Master scheduling context and execution state
To understand Windows thread internals, we must clarify several foundational concepts.
A process is a container for a set of resources used when executing an instance of a program. It holds what the program needs for running, this include a private virtual address space, one or more threads, loaded libraries (DLLs) and more. A thread is the fundamental unit of CPU scheduling in Windows. Without at least, the process’s program can’t run. A thread includes the following essential components:
A kernel object is a data structure managed by the Windows kernel that represents system resources and services used by both kernel-mode and user-mode components. Common examples include processes, threads, mutexes, and files.

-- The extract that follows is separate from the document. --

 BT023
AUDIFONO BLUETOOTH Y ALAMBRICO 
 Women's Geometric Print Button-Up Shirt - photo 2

User-mode applications use kernel objects by invoking APIs such as CreateProcess, which creates a process object and a thread object, returning handles (their user-mode representations) to both.

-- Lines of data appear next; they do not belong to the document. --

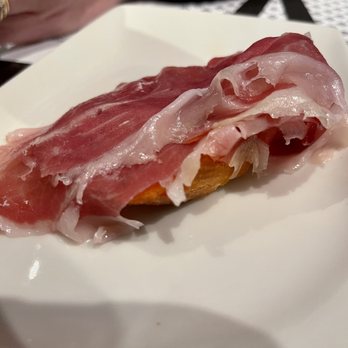 Vinitus - Tapas Bars Near Me - Barcelona, B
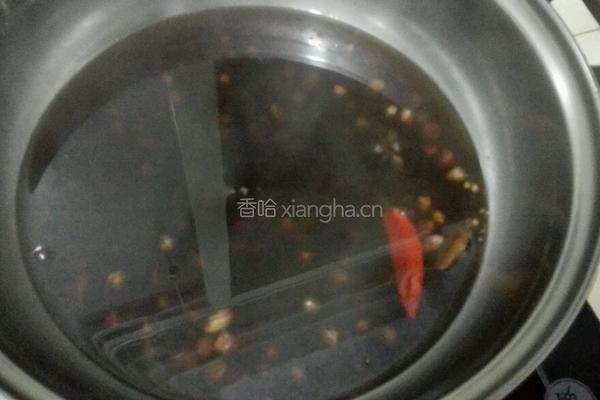 芹菜腐竹拌花生米的做法图解2
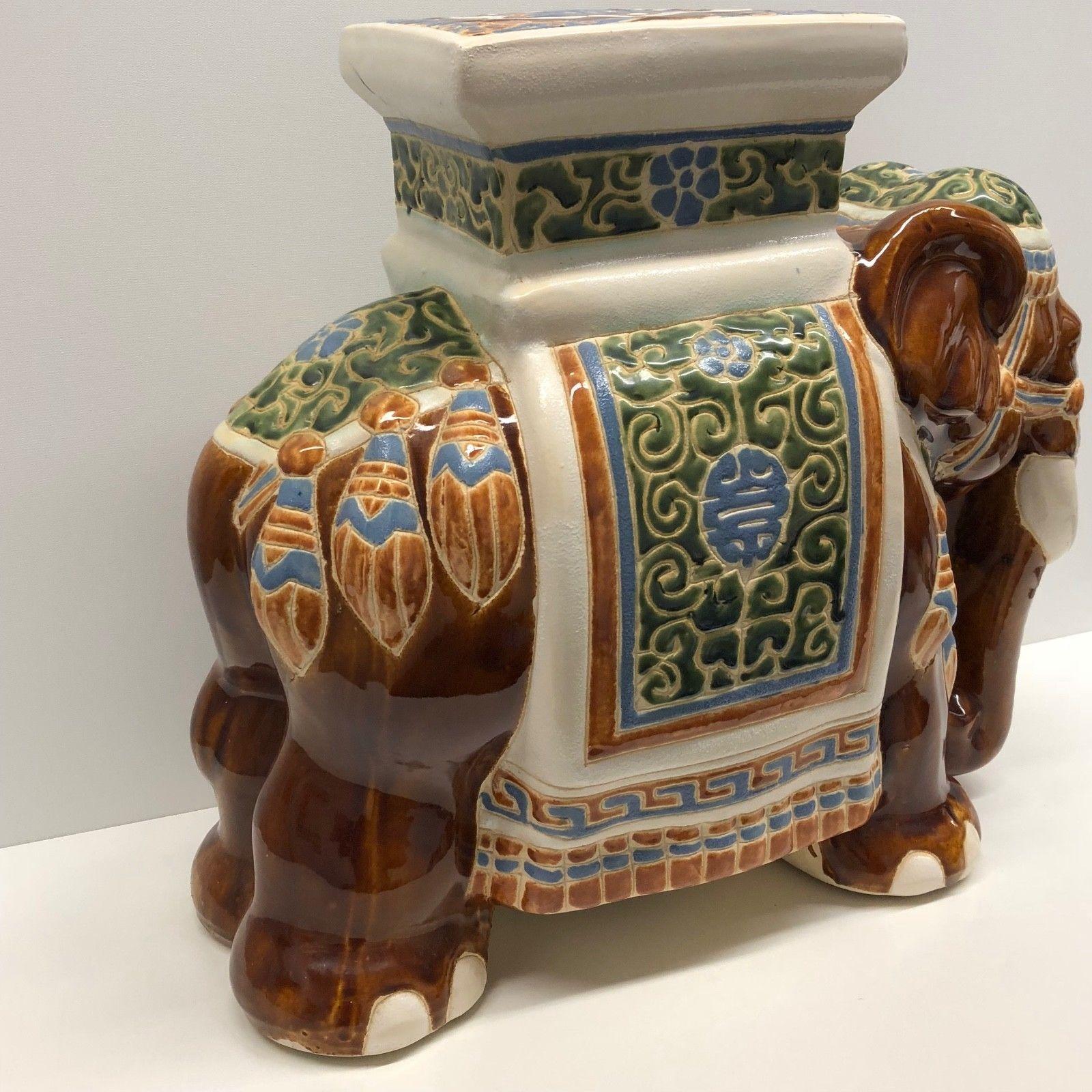 Gorgeous Vintage Hollywood Regency Chinese Elephant Garden Plant Stand In Good Condition In Nuernberg, DE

The ETHREAD (Executive Thread) structure is the kernel’s representation of a thread object. It lives in kernel memory, accessible only in kernel mode.
The TEB or Thread Environment Block in the other hand is the user-mode representation of a thread. It has the highest-level knowledge of a thread in kernel mode and lowest-level in user mode.

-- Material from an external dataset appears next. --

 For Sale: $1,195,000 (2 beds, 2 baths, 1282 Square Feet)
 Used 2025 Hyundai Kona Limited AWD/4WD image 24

Pure kernel threads do not have a TEB.
A thread goes through various state from its creation to its termination. Those states are:
A thread is not just a code executing, it is a data structure that represents execution state.
Now that we have a basic understanding of some key concepts, it’s time to get into what makes a thread.
The TEB is a structure used by the windows OS to store information about a single thread within a process. Each thread created has its own TEB.
Just like the PEB, it can be used to get a lot of information on the process without calling Win32 API. This include emulating GetLastError by getting the value of the field LastErrorValue.
The structure of the TEB from winternl.h is the following:
typedef struct _TEB {
PVOID Reserved1[12];
PPEB ProcessEnvironmentBlock;
PVOID Reserved2[399];
BYTE Reserved3[1952];
PVOID TlsSlots[64];
BYTE Reserved4[8];
PVOID Reserved5[26];
PVOID ReservedForOle;
PVOID Reserved6[4];
PVOID TlsExpansionSlots;
} TEB, *PTEB;
Windows keeps the documentation of the TEB private. To see the complete structure of the TEB, let’s fire WinDbg and attach an executable to it.
0:000> dt _TEB
ntdll!_TEB
+0x000 NtTib : _NT_TIB
+0x038 EnvironmentPointer : Ptr64 Void
+0x040 ClientId : _CLIENT_ID
+0x050 ActiveRpcHandle : Ptr64 Void
+0x058 ThreadLocalStoragePointer : Ptr64 Void
+0x060 ProcessEnvironmentBlock : Ptr64 _PEB
+0x068 LastErrorValue : Uint4B
+0x06c CountOfOwnedCriticalSections : Uint4B
+0x070 CsrClientThread : Ptr64 Void
+0x078 Win32ThreadInfo : Ptr64 Void
+0x080 User32Reserved : [26] Uint4B
+0x0e8 UserReserved : [5] Uint4B
+0x100 WOW32Reserved : Ptr64 Void
+0x108 CurrentLocale : Uint4B
+0x10c FpSoftwareStatusRegister : Uint4B
+0x110 ReservedForDebuggerInstrumentation : [16] Ptr64 Void
+0x190 SystemReserved1 : [30] Ptr64 Void
+0x280 PlaceholderCompatibilityMode : Char
+0x281 PlaceholderHydrationAlwaysExplicit : UChar
This is on 64-bit Windows 10 system, offset can varies across different version.
I’ll go in details on important field later in this article, let’s just get an overview of them for now.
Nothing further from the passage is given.